Hurriyet’s headline and the provocative report supporting the Minister’s statement is not just an example of poor reporting practice. This is a country where the ongoing armed clashes for the past 30 years has triggered, every now and then, mass aggressions on Kurdish immigrants trying to make a living in the cities far away from their war-stricken home villages. Several times in the outskirts of big cities, Kurdish laborers working at terribly low wages without any social security have been the target of lynch attempts following rumors that they were linked with the PKK. The buildings of the DTP, the Kurdish party represented in parliament with 17 deputies, have at times been attacked by ultra-nationalists, and several years ago a bus carrying DTP members was destroyed by stone-throwing mobs yelling anti-Kurdish slogans in Gebze, a district of Istanbul, leaving dozens of people injured. More recently, a conference hall where the DTP held a meeting was blockaded for hours by thousands of people, with police doing nothing about it, and a DTP member dying of a heart attack in the process. In other words, Hurriyet knew very well that such an accusation, proven to be unfounded by the court ruling, carried the potential of triggering a new surge of anti-Kurdish sentiment among ultra-nationalists.

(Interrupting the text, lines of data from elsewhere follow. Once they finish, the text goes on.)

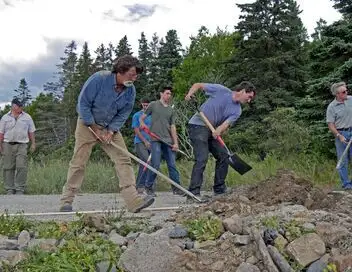 Le mystère d'Oak Island - Saison 5 - Cible mouvante – affiche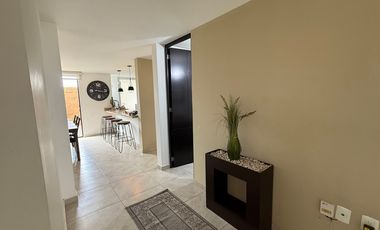 Puerta Real departamento AMUEBLADO Planta Baja cerca de planta Toyota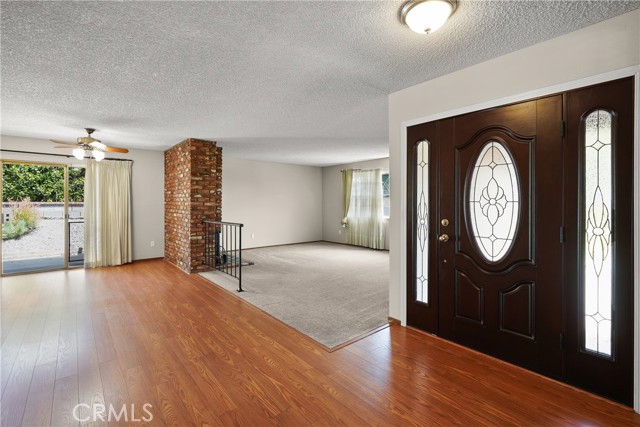 Detail Gallery Image 3 of 27 For 1085 Tamarack Ave, Brea,  CA 92821 - 4 Beds | 2 Baths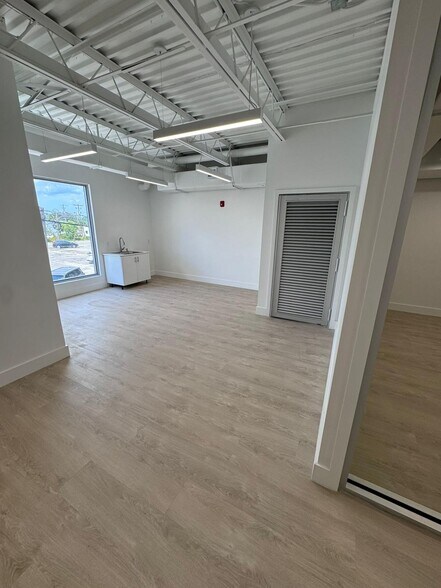 More Photos Of 645 NE 125th St, North Miami Loft Creative Space For Lease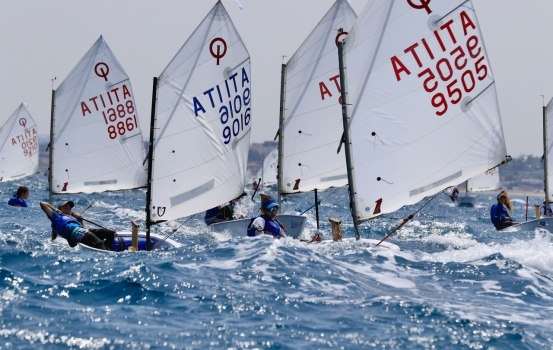 TRE PROVE PER TUTTI NELLA TERZA GIORNATA DELLA TAPPA BARESE TROFEO OPTIMIST ITALIA KINDER JOY OF MOVING
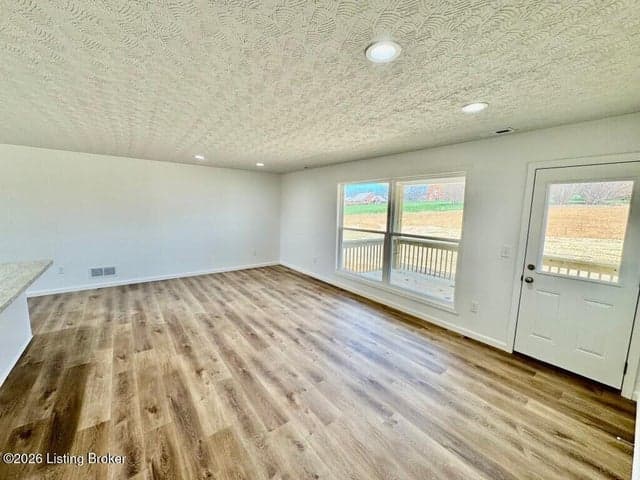 140 Brookside Dr, Springfield - photo 2 of 34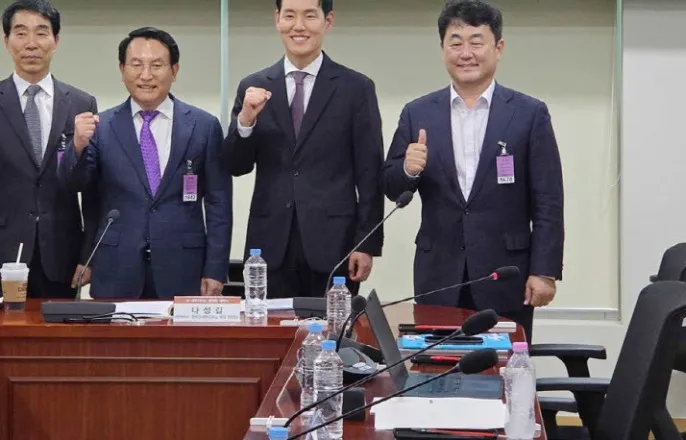 노란 수영복에 섹시한 몸매 어필하는 존예 처자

But, yes, this is not the first time. For decades, semi-official Turkish newspapers provoked hatred towards the “enemies of the nation”—sometimes the “communists,” many times the “disloyal minorities,” and frequently the “Kurdish separatists.” Throughout many tragic events in the history of Turkey, not to mention the minor ones, headlines in newspapers have served as a catalyst in stirring frantic masses to action.

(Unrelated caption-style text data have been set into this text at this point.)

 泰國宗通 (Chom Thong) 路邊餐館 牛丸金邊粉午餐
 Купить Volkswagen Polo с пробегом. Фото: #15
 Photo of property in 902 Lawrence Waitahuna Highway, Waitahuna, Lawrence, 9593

Turkish readers were introduced to the history press’s role in various incidents of ethnic and religious mass aggression towards non-Muslims in Rifat Bali’s book Cumhuriyet Yillarinda Turkiye Yahudileri: Bir Turklestirme Seruveni, roughly translated to Jews of Turkey in the Republican Period: A Story of Turkification (Iletisim, 1999).
I’m not even talking about the ultra-nationalist and ultra-Islamist newspapers’ routine hate speech here, but the practice of one of the biggest dailies in Turkey. The routine hate speech in extremist publications includes open insults aimed at Armenians, Jews, and Kurds and personal attacks on religious leaders of minorities. But while there are laws protecting Turkishness from being insulted, there are none that protect non-Turks from insult in Turkey.
These are the days when, for the first time in this country’s history, a legal case is under way against figures who were pointed out by human rights advocates for years as having dark ties with the “special war machine” within the state, what is known in Turkey as the “deep state.” These are the times when the DTP, the independent Istanbul deputy Ufuk Uras, and various other opposition circles are calling for a deeper investigation that would pave the way for some kind of partial catharsis and a much better democracy, rather than a superficial washing of the hands of the most visible criminals already known very well by some. In the midst of such unpredictability, some people—like the editors of Hurriyet—further blur the public’s perception by means of unfounded accusations against the nation’s hate figures such as the PKK and the Kurds. After all, inciting hatred and animosity is the best, most efficient, and most sustainable means of manipulation.